By Sarah Kaufman. There may have been little magic in the Ballet Nacional de Cuba’s “Magic of Dance” program Tuesday at the Kennedy Center Opera House, but there were hints of enchantment. All but one of the works in this showcase of excerpts were commonplace, and Artistic Director Alicia Alonso’s arrangements of the original choreography were ordinary and unsurprising across the board. But in most cases, these engaging dancers locked into an easy rapport with the audience. And a few of the performances revealed glimmers of true life.

It was a decidedly strange program, nonetheless: “Giselle’s” ghostly love story was followed by the bright fairy-tale celebrations of “Sleeping Beauty’s” third act and “The Nutcracker’s” second. “Swan Lake’s” moonlit mysteries came on the heels of “Don Quixote’s” straightforward stunt show.

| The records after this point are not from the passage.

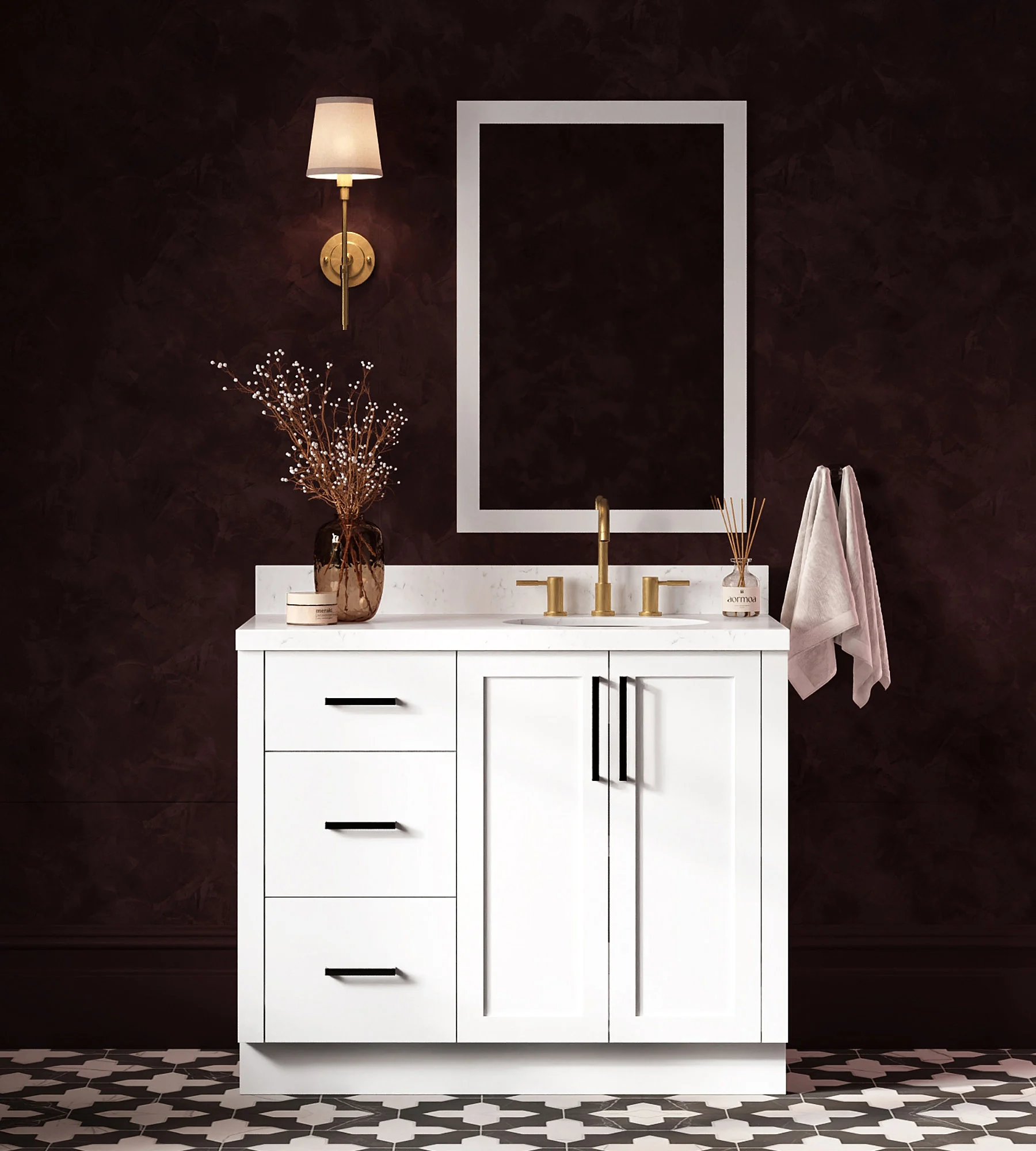 ARIEL Loren 42 Inch Right Offset Single Oval Sink Bathroom Vanity With Carrara White Quartz Countertop 1.5 Inch In White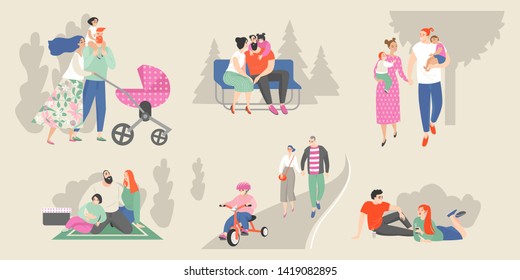 Set of vector illustrations  of families with children and young couples relaxing in the park. Happy cartoon characters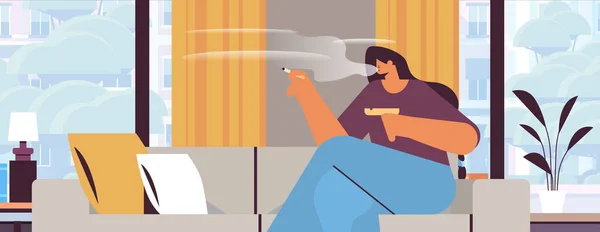 Donna fumare sigarette cattive abitudini stile di vita malsano dipendenza da nicotina concetto di non fumare soggiorno interno — Vettoriale Stock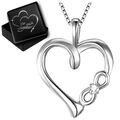 Halskette mit Herz echt 925 Sterling Silber Unendlichkeit für Damen Frauen Liebe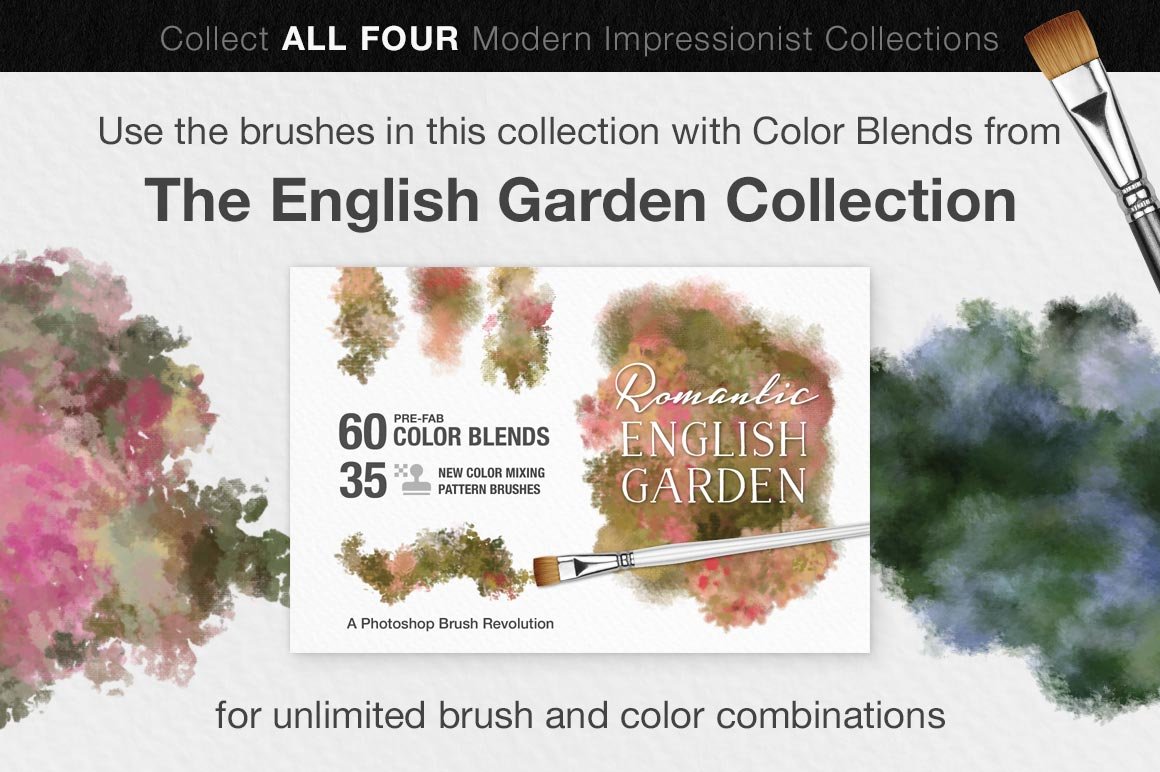 Impressionist Color Blending Photoshop Brushes, english garden collection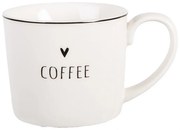 Biely hrnček so srdiečkom a nápisom Coffee Lovely Day - 12 * 8 * 7 cm / 275 ml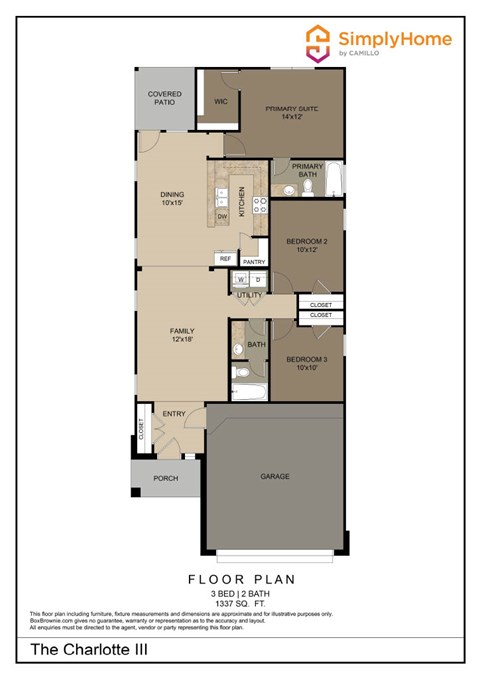 Floor plan for 3 beds, 2 baths, 1337 sqft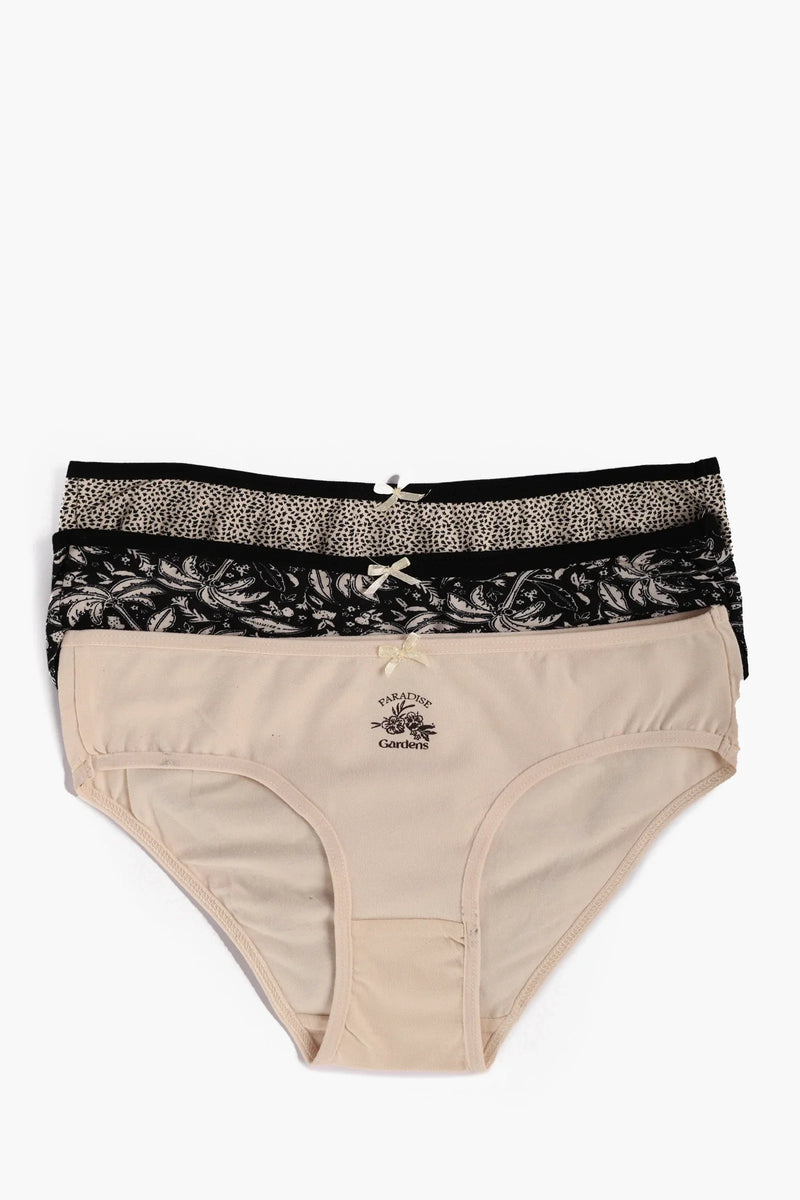 Pack of 3 Cotton Colored Bikini Panties – Multicolor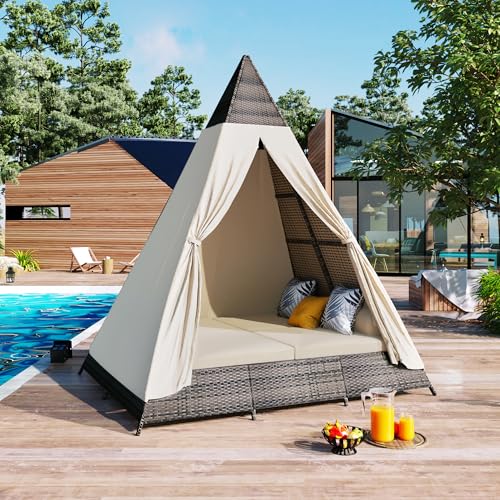 Ziraukon Outdoor Patio Daybed with Cushions, 90.5' Length Sunbed with Colorful Pillows, Tent Shape Patio Sunbed, Wicker Patio Daybed for Poolside Garden Lawn Backyard, Brown and Beige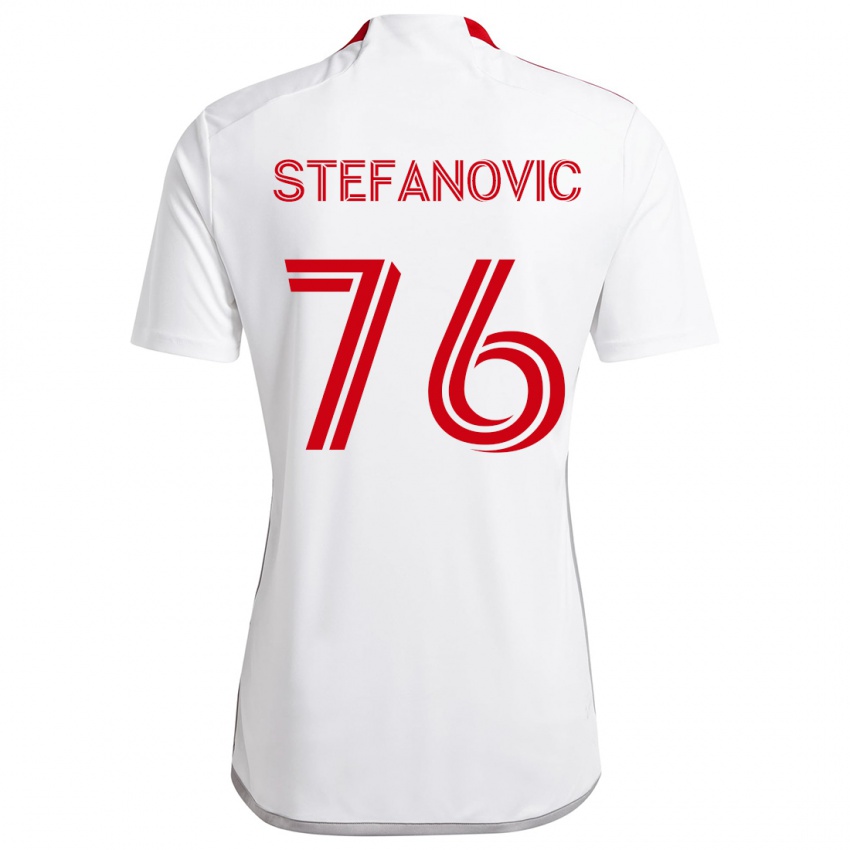 Niño Camiseta Lazar Stefanovic #76 Blanco Rojo 2ª Equipación 2024/25 La Camisa Chile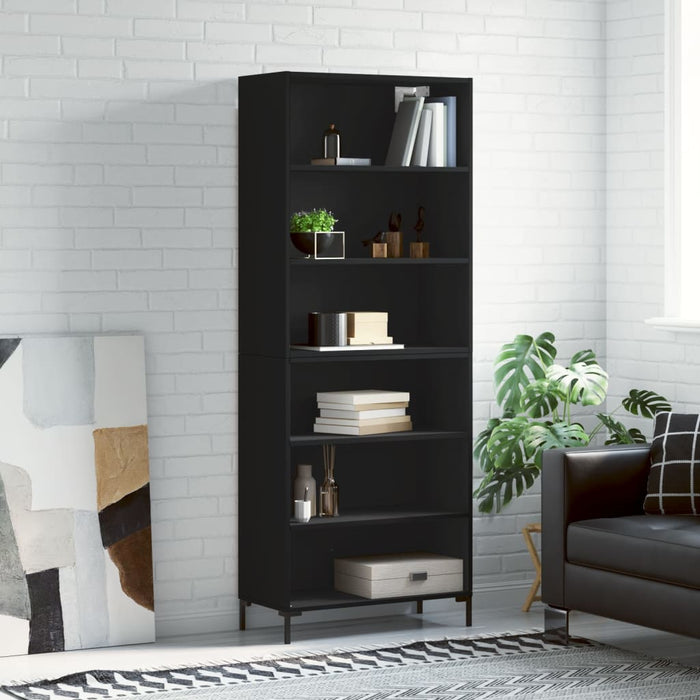 Dulap înalt, negru, 69,5x32,5x180 cm, lemn compozit WALTI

And the most charming musical moment, the “Fiesta criolla” movement of Louis Moreau Gottschalk’s “A Night in the Tropics” symphony, was tacked onto the end of a long evening. As the hip-shaking, maraca- and guiros-embellished accompaniment to “Gottschalk Symphony,” it demanded sassier, more suggestive entanglements than Alonso’s foursquare display of mass cuteness.

Throughout much of the program, in fact, the dancers seemed ensnared in rote performances, with each flip of the hands and tilt of the chin hitting a musical exclamation point. But these made the freer, more interpretive displays all the more engaging by contrast. Anette Delgado’s intuitive musicality pulled you into her mournful afterlife even though there was no first-act setup of her story; her soft, bursting jump and airy footwork made plain that this was no mortal maiden. Dani Hernandez, as Albrecht, her grieving lover, matched her in that essential but rarely seen romantic-era lightness, with his long legs and supple feet.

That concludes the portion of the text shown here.